Jim Lichtscheidl looks tired. And for good reason. In the past 18 months, he’s played 99 characters: 27 in Tiny Kushner, 25 in Jacob Marley’s Christmas Carol, 12 in Stones in His Pockets, 15 in Sisters of Swing, and 20 in The 39 Steps. Goodness. This guy could use a beer. Which is exactly what he’s drinking at the Red Stag Supper Club in Minneapolis on a rare night off. ¶ “Well, I did get sick at the end of it all,” says the 41-year-old, his famously elastic features a little slack. “I was just spent physically. I need to learn to build some downtime into my schedule.”

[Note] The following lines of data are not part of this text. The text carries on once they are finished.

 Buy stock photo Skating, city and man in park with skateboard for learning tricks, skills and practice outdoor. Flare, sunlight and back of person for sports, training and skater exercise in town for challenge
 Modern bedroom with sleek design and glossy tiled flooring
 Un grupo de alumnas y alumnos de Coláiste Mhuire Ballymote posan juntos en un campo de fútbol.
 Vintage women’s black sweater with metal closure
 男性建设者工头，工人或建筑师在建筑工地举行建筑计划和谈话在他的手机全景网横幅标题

He should. The Lino Lakes native has been on a very long roll, starting, by some measures, when he won the state speech title in 1987—in the humor category, of course. When he emerged on Twin Cities stages in the early 1990s, he was heralded as a thespian to watch. He developed a hit show called Knock!, a tribute, in part, to his sister Lisa (“Everyone thought she would be the actor in the family,” he says). He regularly performs at the Guthrie Theater. But he still acts like he has to prove himself. So he never stops working.
“In a lot of ways I feel I’m just beginning my career,” he says. In fact, he has been so successful at comedy that he has hardly been given the chance to expand his range. Watching him in 2007 play against type in Frank Theatre’s morbid The Pillowman, one critic wrote, was “like imagining Seinfeld playing a serial killer.” Lichtscheidl has come to terms with his gifts. “One of the main reasons I think I’m here on this earth,” he says, “is to make people laugh.”

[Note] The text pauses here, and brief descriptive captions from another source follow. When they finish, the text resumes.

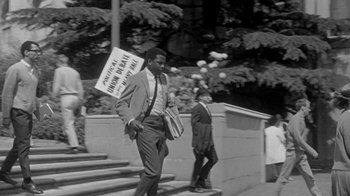 Movie still from “The Slender Thread” (1965), directed by Sydney Pollack – A black and white photo of a man walking down the street; Wide shot, Low angle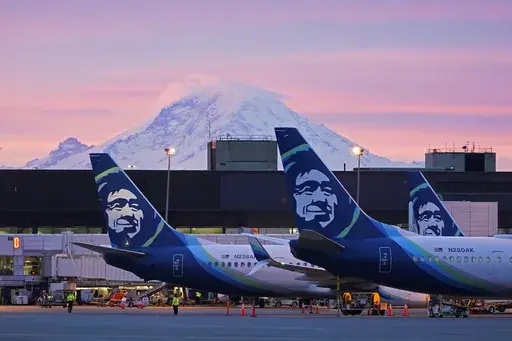 Alaska Airlines planes are shown parked at gates with Mount Rainier in the background at sunrise, March 1, 2021, at Seattle-Tacoma International Airport in Seattle. (AP Photo/Ted S. Warren, File)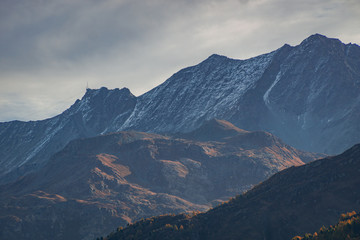 The Swiss Alps at sunset in Engadin valley, near the village of Sankt Moritz, Switzerland - October 2019.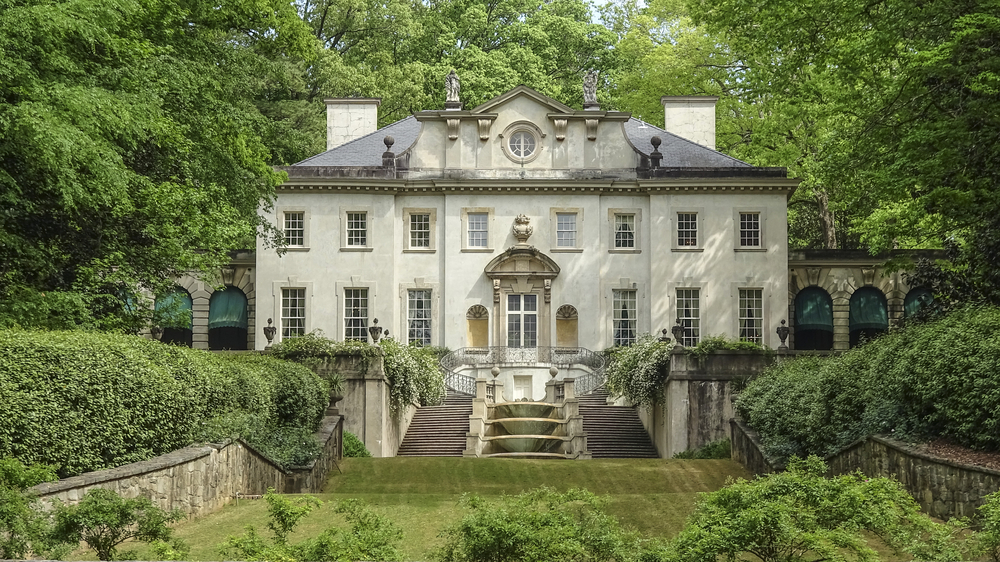 Swan House a huge mansion style home with some steps in front and a green lawn. Going here is one of the best things to do in Atlanta 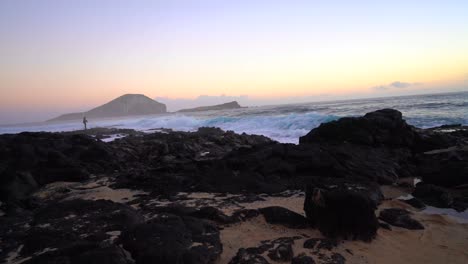 High-tide-rushing-over-the-tide-pools-of-Makapuu-Beach-at-sunrise-with-a-photographer-holding-a-camera-in-the-far-distance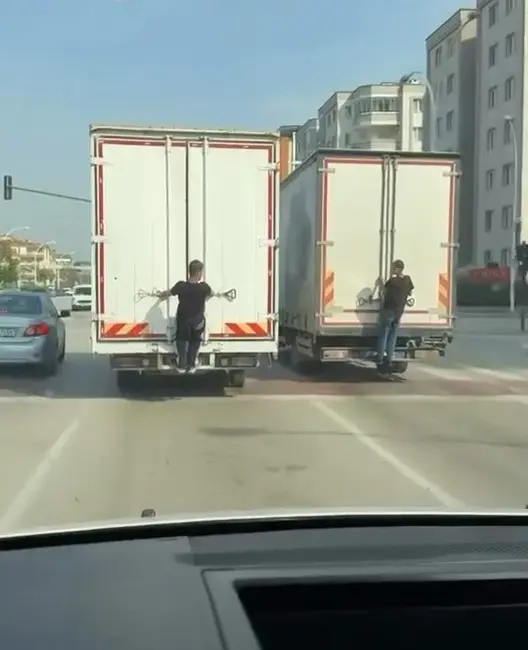 Bursa’da seyir halindeki kamyonların arkasına tutunarak yolculuk yapan gençler, hem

Fortunately, for the sake of his adrenal glands, he’s slowing down. He’s playing only one character in the Guthrie’s production this month of Arms and the Man, George Bernard Shaw’s war satire. He’ll be Bluntschli, the wry and knowing soldier. “He’s a nice, deep, complex character—very funny, very human,” Lichtscheidl says. With no costume changes.
Watch videos of Lichtscheidl in action at mnmo.com/licht
5 THINGS YOU DIDN’T KNOW ABOUT JIM
1. He wears a porkpie hat in honor of his comic hero, the silent comedian Buster Keaton.
2. Another of his comic heroes is John Ritter. “I loved the pratfalls on Three’s Company.”
3. He attended Mankato State University on a speech scholarship, eventually studying theater.
4. He is obsessed with Survivor and dreams of becoming a contestant some day.
5. He worked for four years after college at FAO Schwarz as a “plush manager.”